Bank of Japan: The BOJ held firm in maintaining its ultra-easy monetary policy. Although there were no expectations that the central bank would raise interest rates, there was speculation that the yen’s weakness could pressure the BOJ to change its yield curve control strategy. The yen slumped following the news of inactivity from other central banks. Bank Governor Haruhiko Kuroda stated that the central bank will take appropriate action to decrease bond market liquidity but will avoid tightening monetary policy because it does not want to place downward pressure on the economy.

  • The Bank of Japan would take huge losses on its balance sheet if it were to end monetary easing. According to research from Bloomberg, an upward shift in the yield curve of 100 bps could lead to a $219 billion loss on the BOJ’s holdings.

European fragmentation: The ECB announced it would fund the purchase of bonds through the sale of securities within its portfolio. The central bank wants to prevent bond yield spreads between Eurozone members. The bank will look to prevent widening by purchasing bonds of periphery countries. In related news, Klaas Knot, a member of the ECB Governing Council, stated that he expects rates to increase by 2.00% by 2023. The ECB is currently walking a thin line on its monetary policy by trying to raise rates without leading to another debt crisis. At this time, we are paying close attention to the situation.

China sales slump: A major Chinese retailer expressed concern about consumer reluctance to shop. The drop in sales suggests that consumer confidence is still low after easing COVID restrictions.

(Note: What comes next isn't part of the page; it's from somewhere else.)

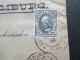 Delcampe - Luxemburg Belege / Ganzsachenposten Ab 1883 Aufbrauchsausgaben Usw. Interessanter Posten! 21 Stück! - Colecciones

If this continues, the lack of demand could lead to weaker economic growth in China.

COVID-19: Official data show confirmed cases have risen to 537,736,109 worldwide, with 6,315,979 deaths. The countries currently reporting the highest rates of new infections include the U.S., Taiwan, Australia, and Germany. (For an interactive chart that allows you to compare cases and deaths among countries, scaled by population, click here.) In the U.S., confirmed cases have risen to 86,050,615, with 1,013,006 deaths. Regarding the U.S. vaccination program, the number of people considered fully vaccinated now totals 221,924,152, equal to 66.8% of the total population.